▸ **What you should do**: Lines from the one containing "Front door check strap stopper 7176807" through the final line of the data, restated word for word and free of pictures, make up the whole answer.

——

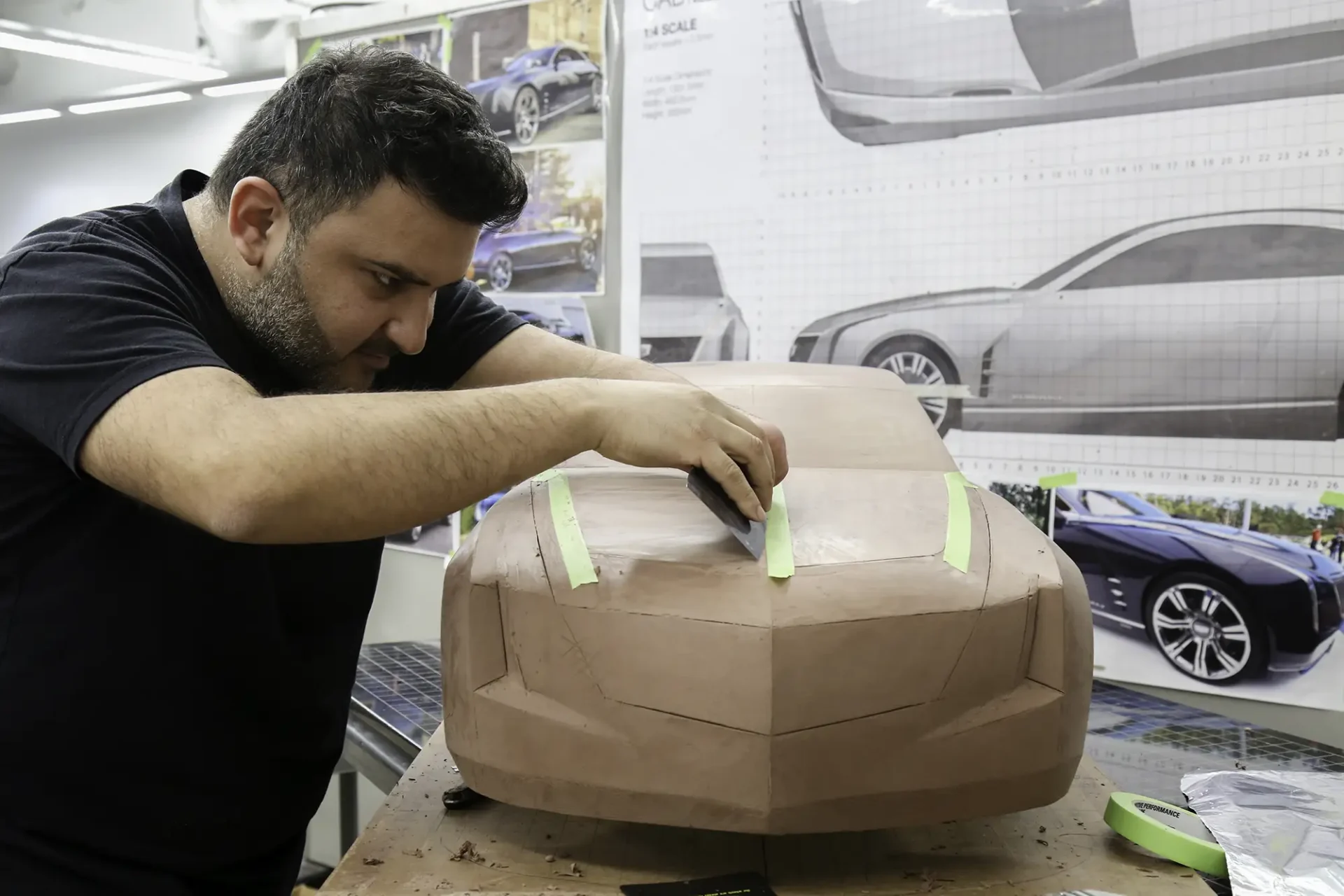 A man sculpting a clay model.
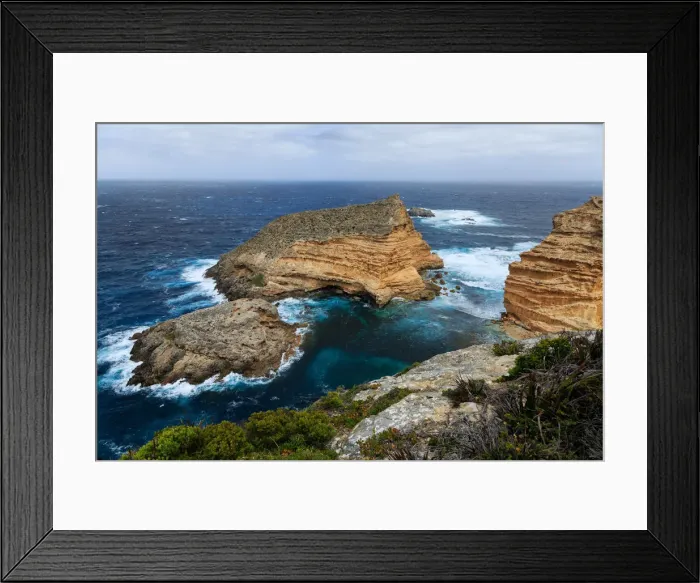 Framed Print : Sandstone outcrops off the coast at Cape Wiles Framed Print : Sandstone outcrops off the coast at Cape Wiles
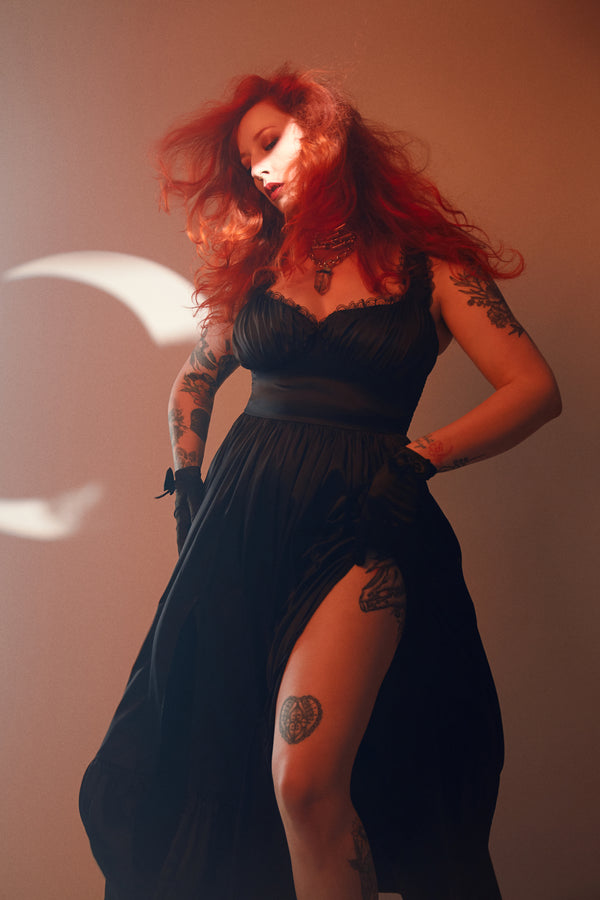 Model wearing the Cosette Maxi Dress in Jet Black, featuring thigh-high slits and lace detail, embodying a gothic romantic style.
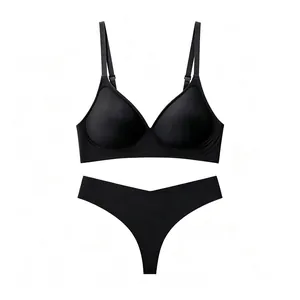 Detailed view of black seamless lingerie set with adjustable straps and V-string thong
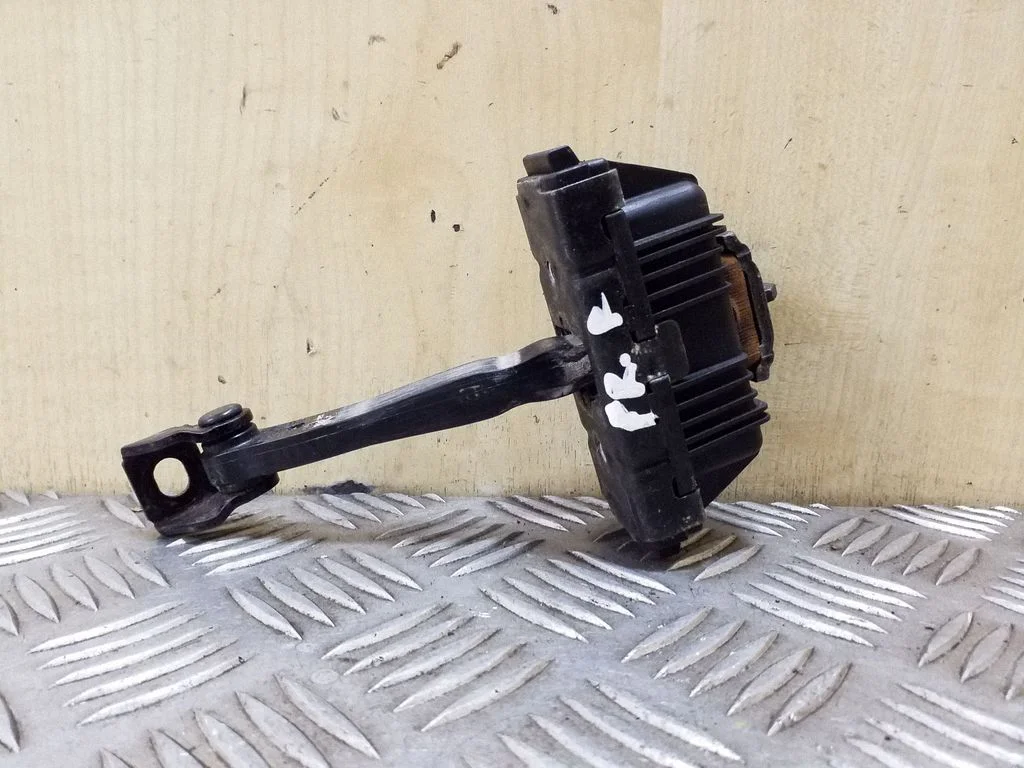 Front door check strap stopper 7176807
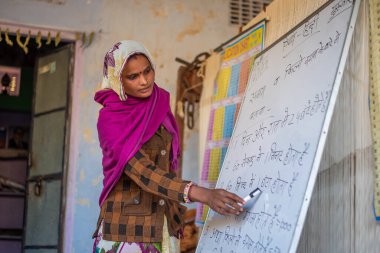 Uttar Pradesh. 05-15-2018. Kadın okulda bir kurulla ders veriyor. Tekstil endüstrisinde iplikle çalışan kadınlar. Çocuklarla ilgilenen kadınların yanı sıra, ailelerinin maddi bakımı konusunda önemli bir rolleri vardır..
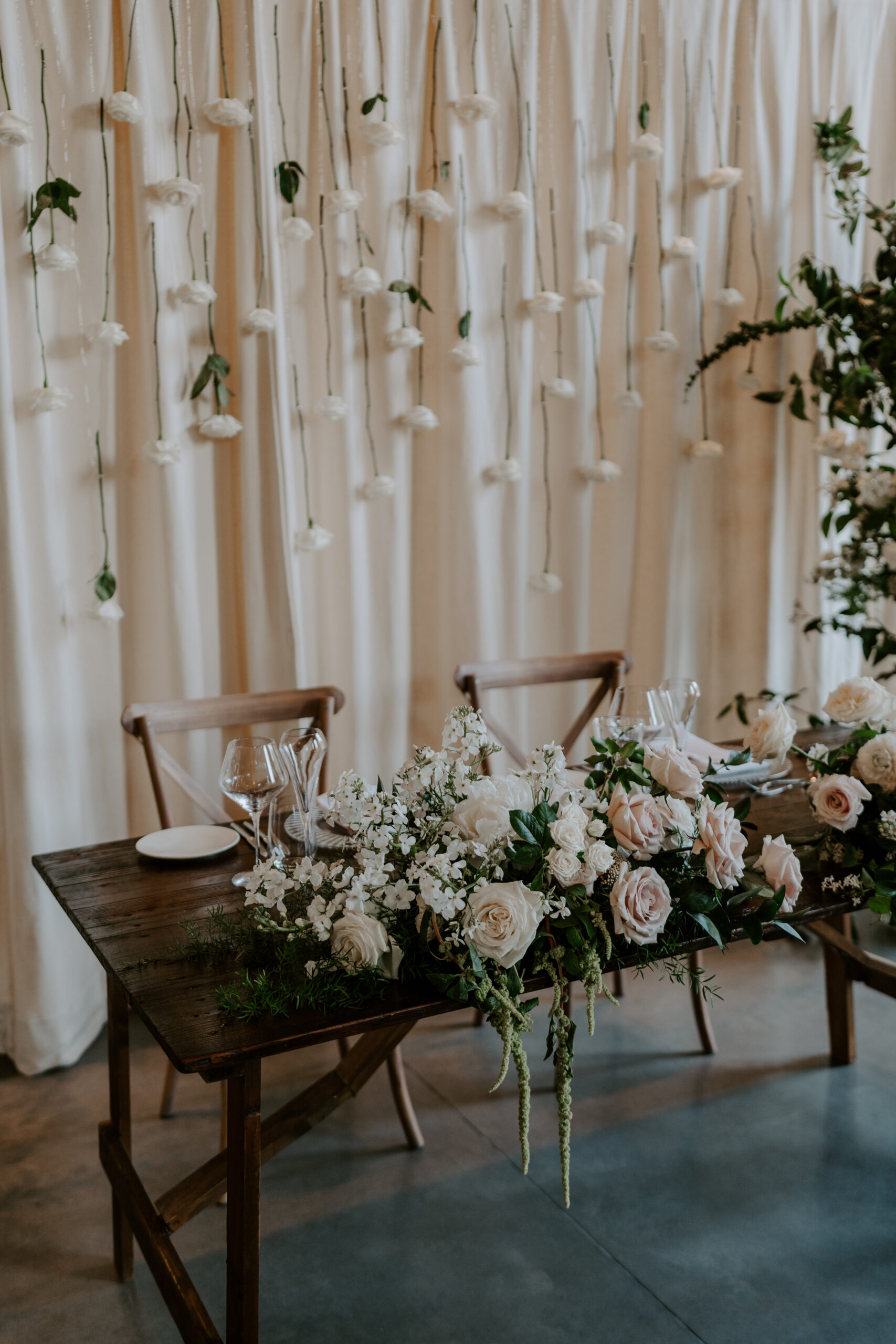 A table set up with white flowers and wedding styling.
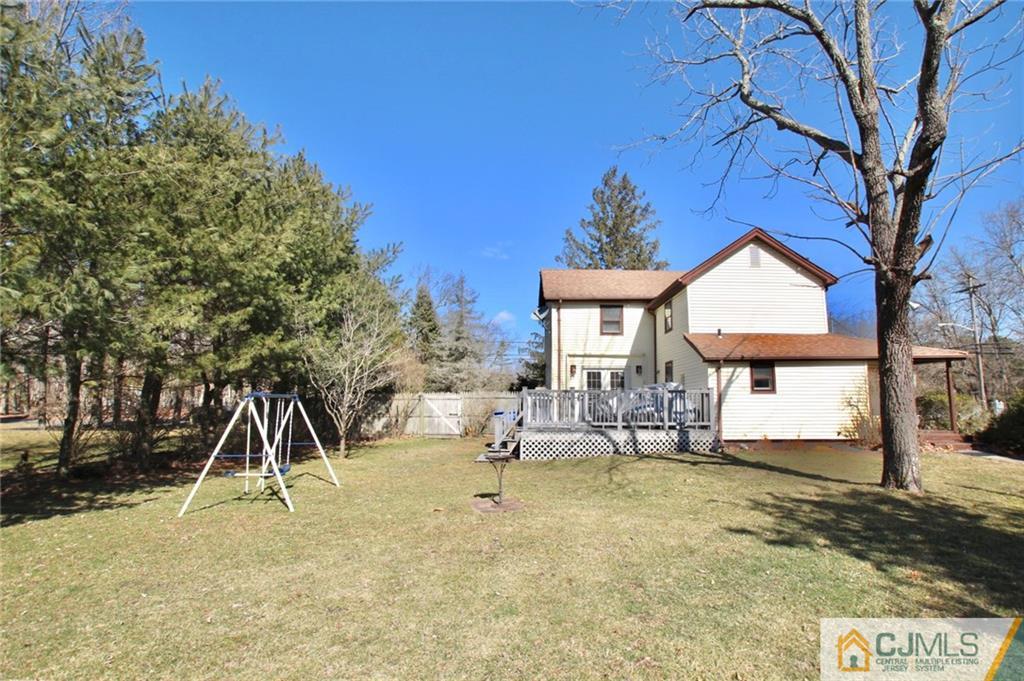 386 East Pleasant Grove Road Jackson, NJ 08527 - Photo 3 of 24 a view of house with backyard and a tree
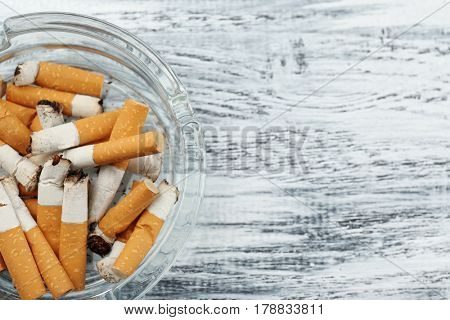 Glass ashtray with cigarette butts on wooden background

——

▸ **Output for this exercise**:
 Front door check strap stopper 7176807
 Uttar Pradesh. 05-15-2018. Kadın okulda bir kurulla ders veriyor. Tekstil endüstrisinde iplikle çalışan kadınlar. Çocuklarla ilgilenen kadınların yanı sıra, ailelerinin maddi bakımı konusunda önemli bir rolleri vardır..
 A table set up with white flowers and wedding styling.
 386 East Pleasant Grove Road Jackson, NJ 08527 - Photo 3 of 24 a view of house with backyard and a tree
 Glass ashtray with cigarette butts on wooden background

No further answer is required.